→ Working data
====

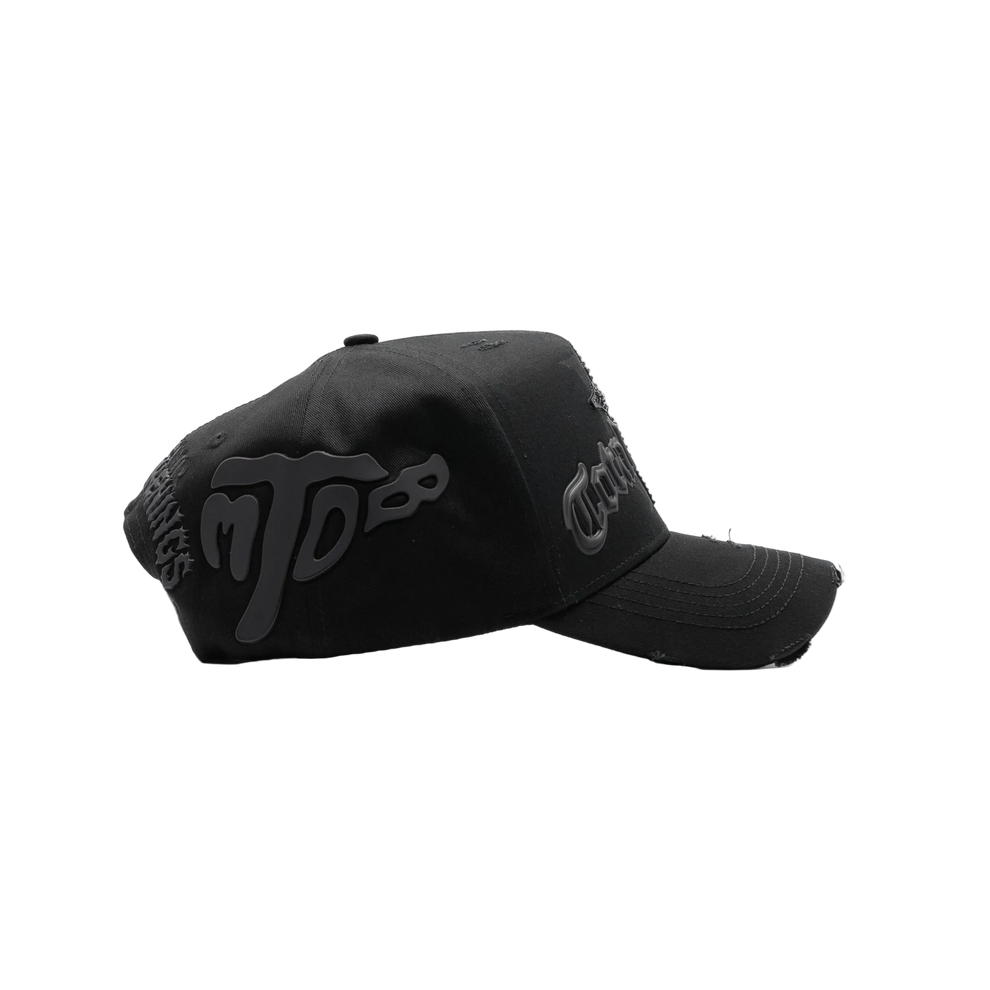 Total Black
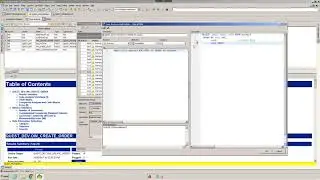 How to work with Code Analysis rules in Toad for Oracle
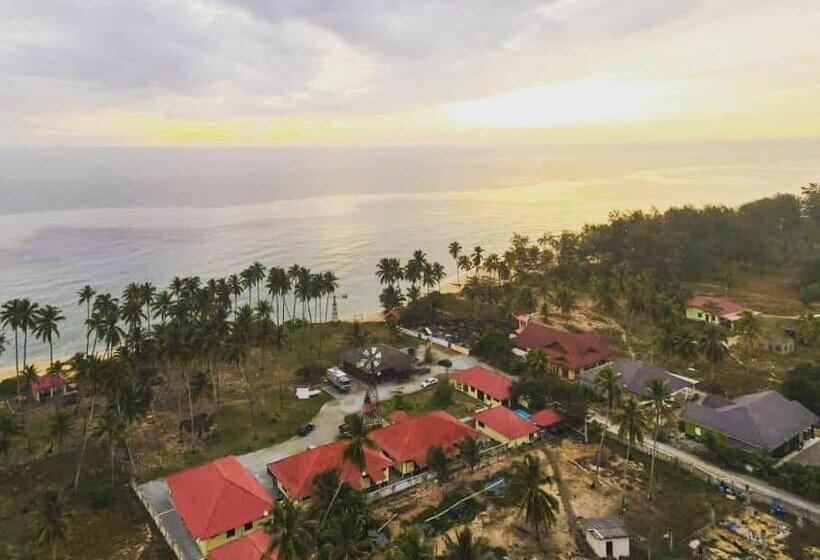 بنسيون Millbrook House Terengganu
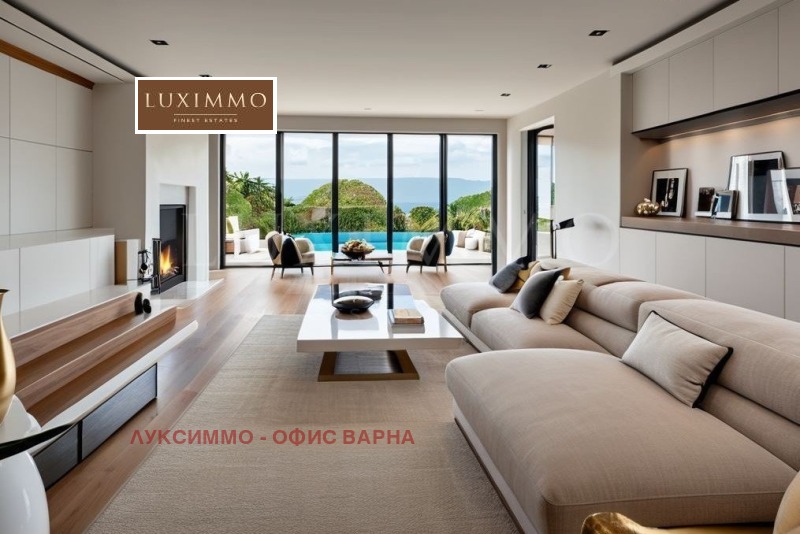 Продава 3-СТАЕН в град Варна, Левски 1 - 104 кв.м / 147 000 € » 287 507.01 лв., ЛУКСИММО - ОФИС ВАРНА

====

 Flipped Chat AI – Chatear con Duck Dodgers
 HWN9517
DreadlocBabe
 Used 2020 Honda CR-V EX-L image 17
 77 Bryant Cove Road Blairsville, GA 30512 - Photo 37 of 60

====

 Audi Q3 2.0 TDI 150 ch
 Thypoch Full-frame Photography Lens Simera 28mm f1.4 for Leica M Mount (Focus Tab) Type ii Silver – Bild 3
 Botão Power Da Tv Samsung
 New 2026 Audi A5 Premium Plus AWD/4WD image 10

====

→ Task statement
Going through the listing above, copy out every line that has the string "Audi".

→ Output of the exercise
 Audi Q3 2.0 TDI 150 ch
 New 2026 Audi A5 Premium Plus AWD/4WD image 10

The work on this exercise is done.